I just wanted to add my support for you. It does and will get better, and now you certainly know not to listen to anyone that tells you it isn't IC!! Some Uro's are unbelievable!! I went to a Pain Specialists that asked why I just didn't take Azo? Are you kidding me!!! I never went back, needless to say! I hope he has educated himself about IC, but I seriously doubt it. At the time I was in no condition to educate the DOCTOR either! But I have since found the right Dr for me and we are working toward relief for me.

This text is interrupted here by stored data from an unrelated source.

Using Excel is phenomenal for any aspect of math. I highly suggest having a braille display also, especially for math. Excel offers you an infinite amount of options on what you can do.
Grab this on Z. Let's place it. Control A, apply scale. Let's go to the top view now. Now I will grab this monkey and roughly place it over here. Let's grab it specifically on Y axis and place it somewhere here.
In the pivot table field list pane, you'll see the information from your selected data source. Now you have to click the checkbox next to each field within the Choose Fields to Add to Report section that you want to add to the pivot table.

I still have pain daily, but it is very different than that terrible pain that I had in the beginning. I can't remember if you said you had Pelvic Floor Dysfunction but it is almost certain those muscles will get sore and tight after trying to protect you for so long. I have the book "Heal Pelvic Pain" by Amy Stein, available on this site. I have been to physical therapy and had to stop due to cost. This book has most of the stretches I was given in PT and is highly recommended. It also has help for IBS and other pelvic pain so it is a very diversified book if cost is an issue, I know how tough it is to be a single Mom. I have learned a good bit from it, maybe you could look into that as a source of help.

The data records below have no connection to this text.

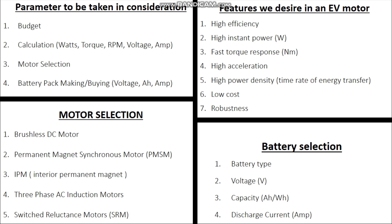Second, we jump onto calculations. We will see how many watts are required, and depending on that we'll select a motor. Then torque — how much torque is required. Then RPM — what will the RPM be and how much speed we'll get at the output. Then voltage — how much voltage is required to run the motor — and amps, how much current the motor will be consuming to provide power in watts.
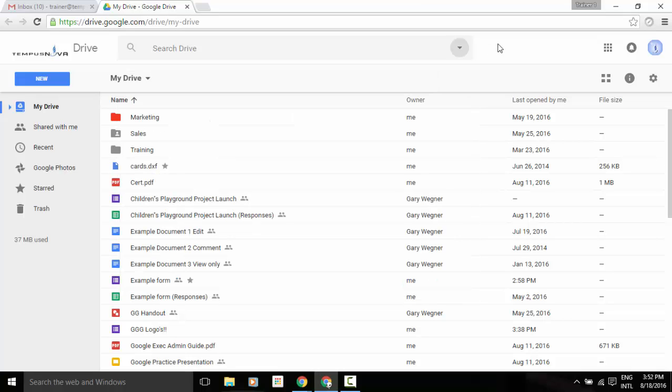Two other small changes that you may not have noticed yet: in the upper left corner, you'll now see it says Drive.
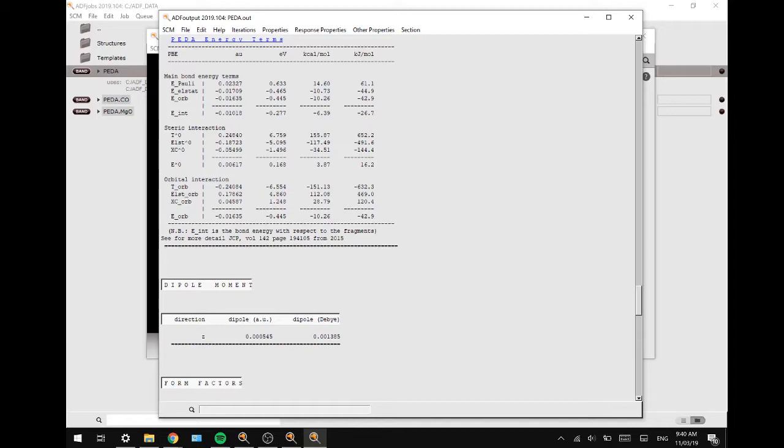Therefore you have to calculate the energy difference between the electronically and structurally relaxed fragments, which can be accessed by geometry optimization of the separated fragments, and the promoted fragments which are already calculated and used for the PEDA.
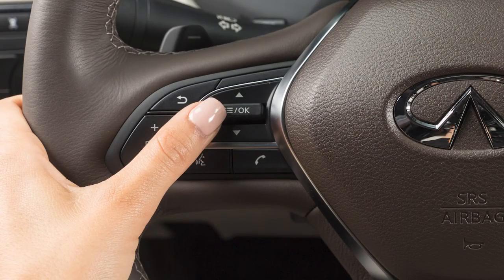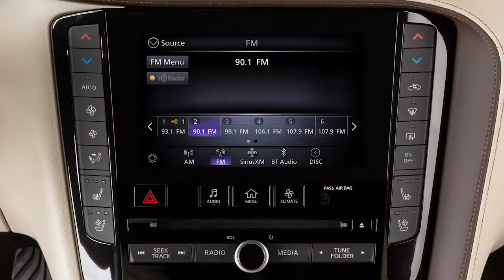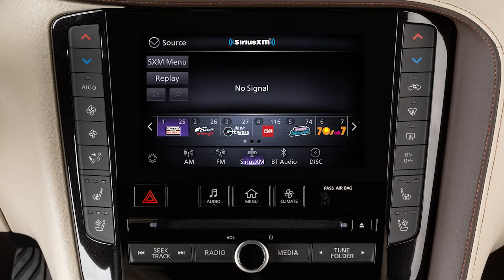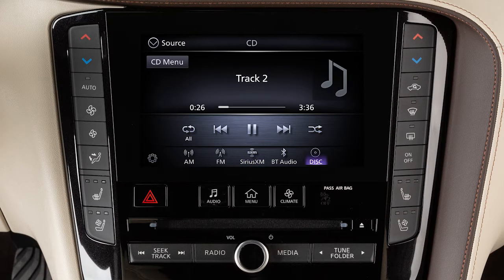Pressing and holding these buttons seeks the next or previous broadcast station when in AM or FM mode, the next or previous channel when in SiriusXM radio mode, or reverses or fast-forwards the current track when in CD or USB mode.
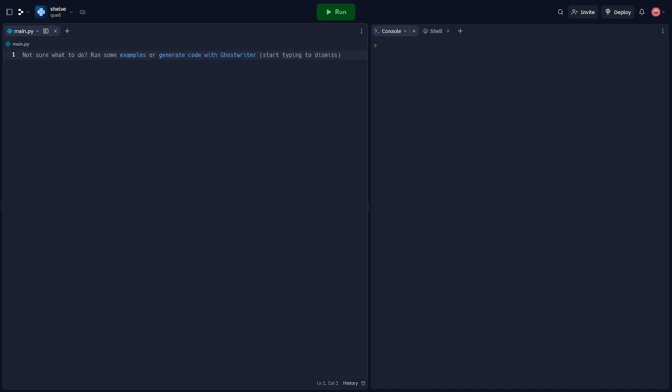Python's shelf module provides a simple key-value store for Python objects. It's like a dictionary that you can save to disk and load back into memory. This is a powerful way to persist data between program executions. Let's take a look at the shelf module in action.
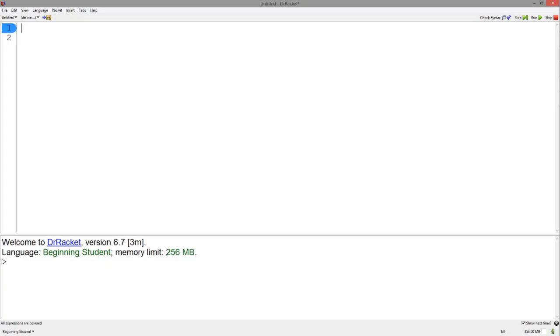Hey everybody, I'm here to introduce templates for lists. Lists are another major type of data definition with a specific template.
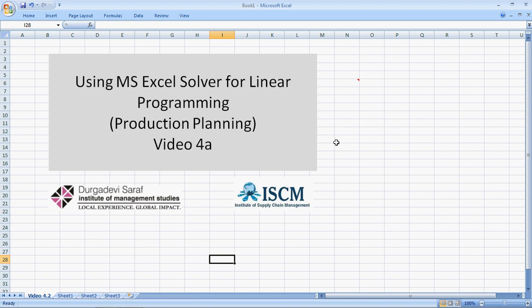Hi, welcome to this video of using Microsoft Excel Solver for linear programming. We are going to talk about production planning. I have named this video as video 4A because we are going to use the transportation algorithm to help us solve this.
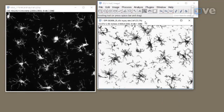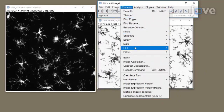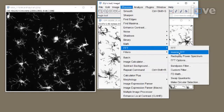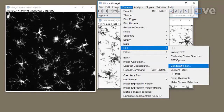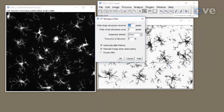If using a DAB brightfield photograph, first use the FFT Band Pass Filter plugin with the default settings. Click Process, FFT, Band Pass Filter, and then convert to grayscale.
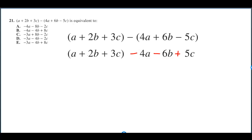A plus 2B plus 3C minus parentheses 4A plus 6B minus 5C is equal to what? When you see a minus outside of parentheses like this, you can distribute that minus to each of these terms.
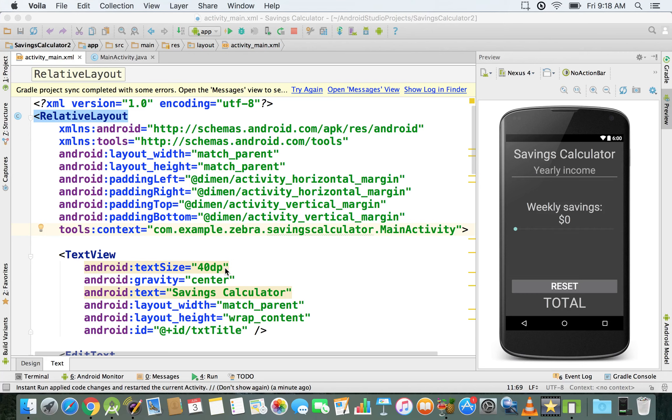Hi everyone, in this video I'm going to show you how to change the color scheme just by referencing the color variables that we defined in the previous video.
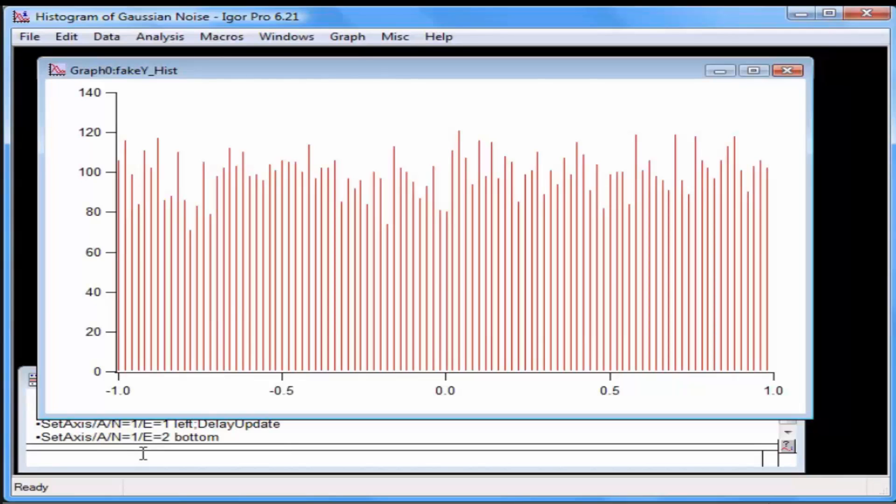In this video, we will create another histogram, this time with Gaussian noise. Open the experiment from the previous video where we created the histogram of white noise.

Lots of people on the site have tips to offer. Keep searching, read the stickies at the top of the subject areas. There is one on how people deal with pain with lots of tips and others that are very helpful.

Wishing you the best.

Sandra

Hi Rachel -

So sorry you are having such a hard time now!! Can you tell me what you eat on a regular basis? I found that certain foods on the OK list trigger my flare-ups..... For example, whole wheat... Whole Wheat sends me through the roof. I can't eat the whole wheat (brown) noodles or whole wheat bread. I can tolerate white bread and white noodles just fine. As soon as I eat whole wheat, I flare up like crazy. Also, some butters contain lactic acid. If I eat anything with that butter on it, I am screwed! For the longest time, I thought I was following the IC diet to a T, and I was to an extent. Then, I found some hidden ingredients in thinks I was eating. Plus, the whole wheat. Oh, also... A lot of IC people can tolerate yellow american cheese. I CANNOT. The thing that makes the cheese yellow/orange is similar to paprika, which kills my bladder. As soon as I eat it, I am in a horrible flare. I can however tolerate white american by boars head. What you should probably do, is eliminate any "questionable" foods from your diet and go to the basics. By basics, I mean fresh veggies, meat with no additives, rice, oatmeal, etc. It might be boring, but you will probably start feeling better. If you do, you can slowly reintroduce what you were eating, one by one, and determine what exactly causes your flares. You may have some triggers that most people do not have. Some people even find that their water triggers it because of the PH level. You may want to get some PH testing strips to see what your PH level is.

Try this, and let us know how it goes! I was in a similar boat to you for awhile until I figured out that whole wheat killed me, along with yellow/orange cheeses (even colby/jack).